Why is the MSVC STL choking on this character (and I assume others) when APIs like MessageBoxW etc display it just fine?
How can I get those characters printed to my file?
Tested on both VC10 and VC11 under Windows 7 x64.
Sorry for the poorly constructed post, I'm tearing my hair out here.
Thanks.
EDIT:
Minimal test case
#include <fstream>
#include <iostream>
int main()
{
{
std::wofstream test_file("test.txt");
test_file << L"\u2122";
}
std::wcout << L"\u2122";
}
Expected result: '™' character printed to console and file.
Observed result: File is created but is empty. No output to console.
I have confirmed that the font I"m using for my console is capable of displaying the character in question, and the file is definitely empty (0 bytes in size).
EDIT:
Further debugging shows that the 'failbit' and 'badbit' are set in the stream(s).
EDIT:
I have also tried using Boost.Locale and I am having the same issue even with the new locale imbued globally and explicitly to all standard streams.
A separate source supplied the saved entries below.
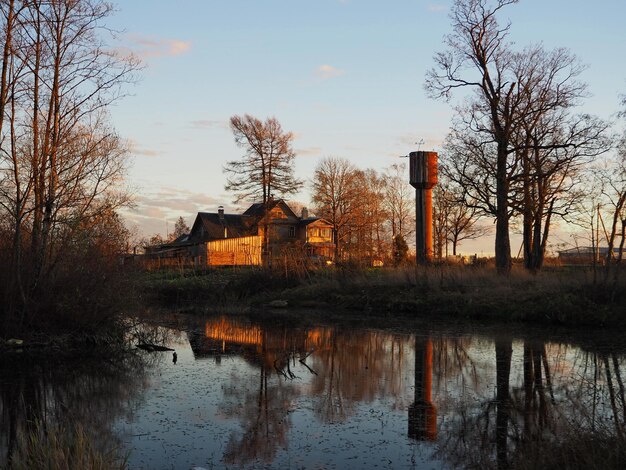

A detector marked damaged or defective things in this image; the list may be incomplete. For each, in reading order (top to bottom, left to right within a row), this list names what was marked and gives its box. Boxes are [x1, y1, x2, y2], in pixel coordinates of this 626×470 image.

rusty tower [408, 153, 436, 266]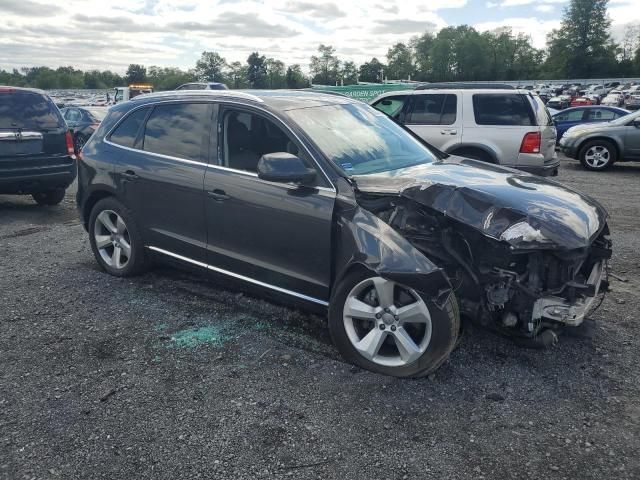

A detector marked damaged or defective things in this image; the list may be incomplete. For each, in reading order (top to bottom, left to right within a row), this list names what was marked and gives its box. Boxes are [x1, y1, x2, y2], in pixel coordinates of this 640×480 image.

damaged black suv [75, 90, 608, 378]
front fender damage [332, 177, 452, 312]
crumpled hood [356, 158, 608, 249]
missing front bumper [532, 260, 608, 328]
To write into a file, you have to set the locale correctly, for example if you want to write them as UTF-8 characters, you have to add
const std::locale utf8_locale
= std::locale(std::locale(), new std::codecvt_utf8<wchar_t>());
test_file.imbue(utf8_locale);
You have to add these 2 include files
#include <codecvt>
#include <locale>
To write to the console you have to set the console in the correct mode (this is windows specific) by adding
_setmode(_fileno(stdout), _O_U8TEXT);
(in case you want to use UTF-8).
For this you have to add these 2 include files:
#include <fcntl.h>
#include <io.h>
Furthermore you have to make sure that your are using a font that supports Unicode (such as for example Lucida Console). You can change the font in the properties of your console window.
The complete program now looks like this:
#include <fstream>
#include <iostream>
#include <codecvt>
#include <locale>
#include <fcntl.h>
#include <io.h>
int main()
{
const std::locale utf8_locale = std::locale(std::locale(),
new std::codecvt_utf8<wchar_t>());
{
std::wofstream test_file("c:\\temp\\test.txt");
test_file.imbue(utf8_locale);
test_file << L"\u2122";
}
_setmode(_fileno(stdout), _O_U8TEXT);
std::wcout << L"\u2122";
}
Are you always using std::wcout
or are you sometimes using std::cout
? Mixing these won't work. Of course, the error description "choking" doesn't say at all what problem you are observing. I'd suspect that this is a different problem to the one using files, however.
As there is no real description of the problem it takes somewhat of a crystal ball followed by a shot in the dark to hit the problem... Since you want to get Unicode characters from you file make sure that the file stream you are using uses a std::locale
whose std::codecvt<...>
facet actually converts to a suitable Unicode encoding.
I just tested GCC (versions 4.4 thru 4.7) and MSVC 10, which all exhibit this problem.
Equally broken is wprintf
, which does as little as the C++ stream API.
I also tested the raw Win32 API to see if nothing else was causing the failure, and this works:
#include <windows.h>
int main()
{
HANDLE stdout = GetStdHandle(STD_OUTPUT_HANDLE);
DWORD n;
WriteConsoleW( stdout, L"\u03B2", 1, &n, NULL );
}
Which writes β
to the console (if you set cmd's font to something like Lucida Console).
Conclusion: wchar_t
output is horribly broken in both large C++ Standard library implementations.
Although the wide character streams take Unicode as input, that's not what they produce as output - the characters go through a conversion. If a character can't be represented in the encoding that it's converting to, the output fails.